**EXERCISE GOAL**.
Write out the entries below exactly as they stand. Skip every image.

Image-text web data
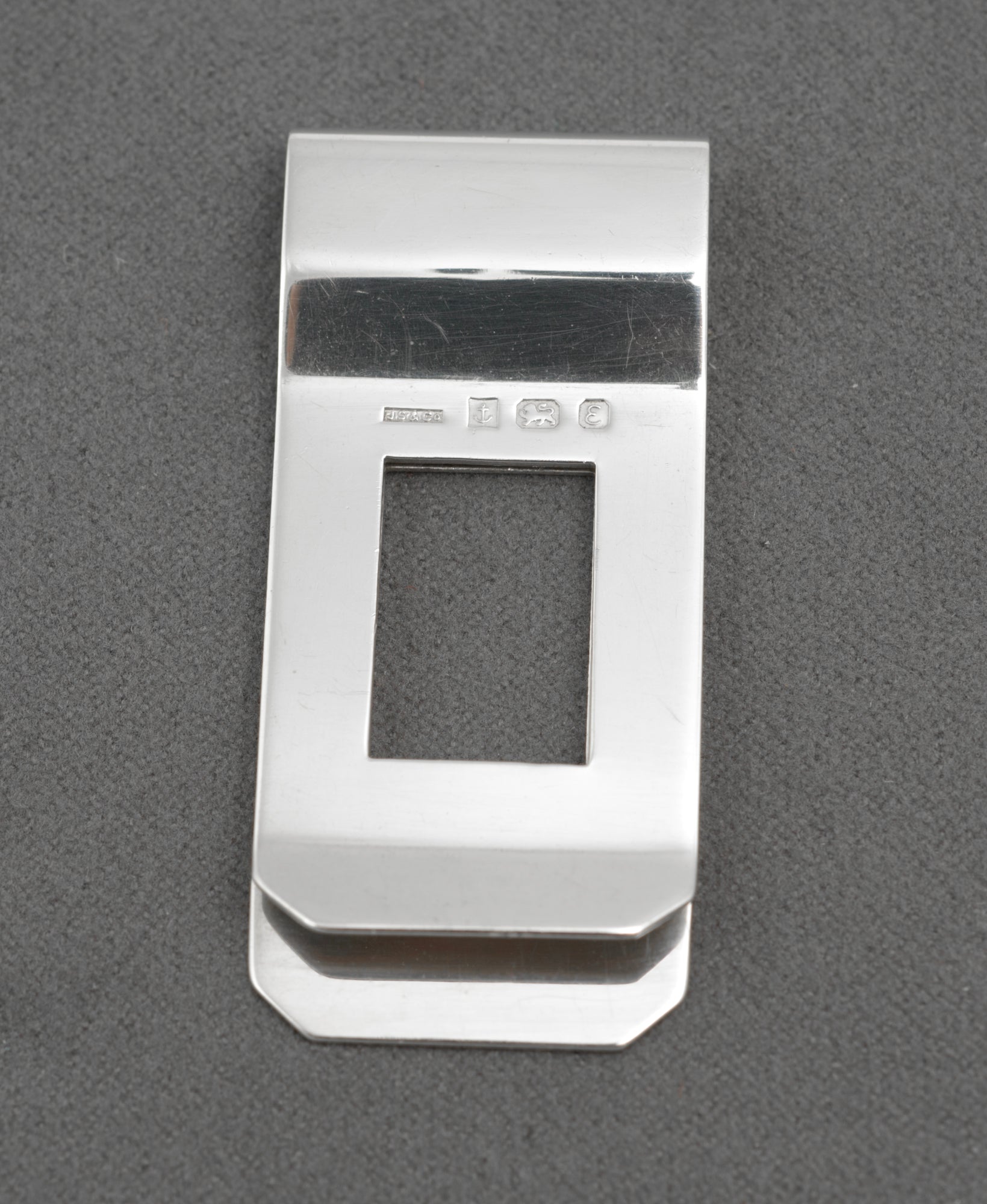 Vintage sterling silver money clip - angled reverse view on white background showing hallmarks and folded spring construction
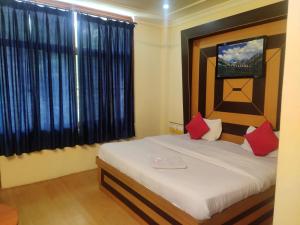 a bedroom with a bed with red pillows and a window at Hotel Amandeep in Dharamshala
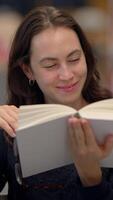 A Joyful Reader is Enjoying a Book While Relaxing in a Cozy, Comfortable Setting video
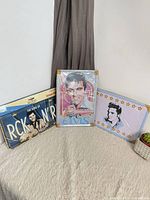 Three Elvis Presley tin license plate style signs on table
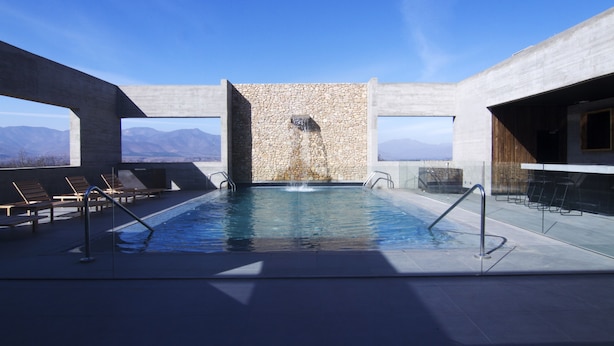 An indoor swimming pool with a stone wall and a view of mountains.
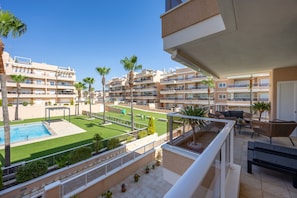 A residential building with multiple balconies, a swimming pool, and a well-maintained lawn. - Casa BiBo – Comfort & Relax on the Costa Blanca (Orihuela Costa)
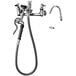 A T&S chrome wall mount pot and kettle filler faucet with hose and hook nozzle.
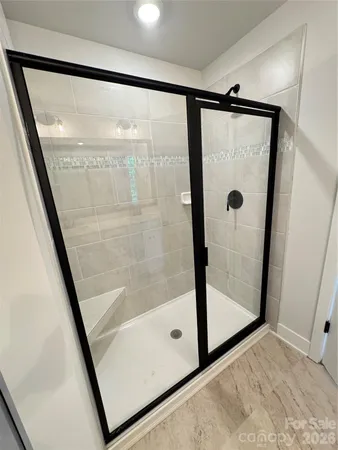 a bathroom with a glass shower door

**ANSWER FOR THIS EXERCISE**.
 Vintage sterling silver money clip - angled reverse view on white background showing hallmarks and folded spring construction
 a bedroom with a bed with red pillows and a window at Hotel Amandeep in Dharamshala
 A Joyful Reader is Enjoying a Book While Relaxing in a Cozy, Comfortable Setting video
 Three Elvis Presley tin license plate style signs on table
 An indoor swimming pool with a stone wall and a view of mountains.
 A residential building with multiple balconies, a swimming pool, and a well-maintained lawn. - Casa BiBo – Comfort & Relax on the Costa Blanca (Orihuela Costa)
 A T&S chrome wall mount pot and kettle filler faucet with hose and hook nozzle.
 a bathroom with a glass shower door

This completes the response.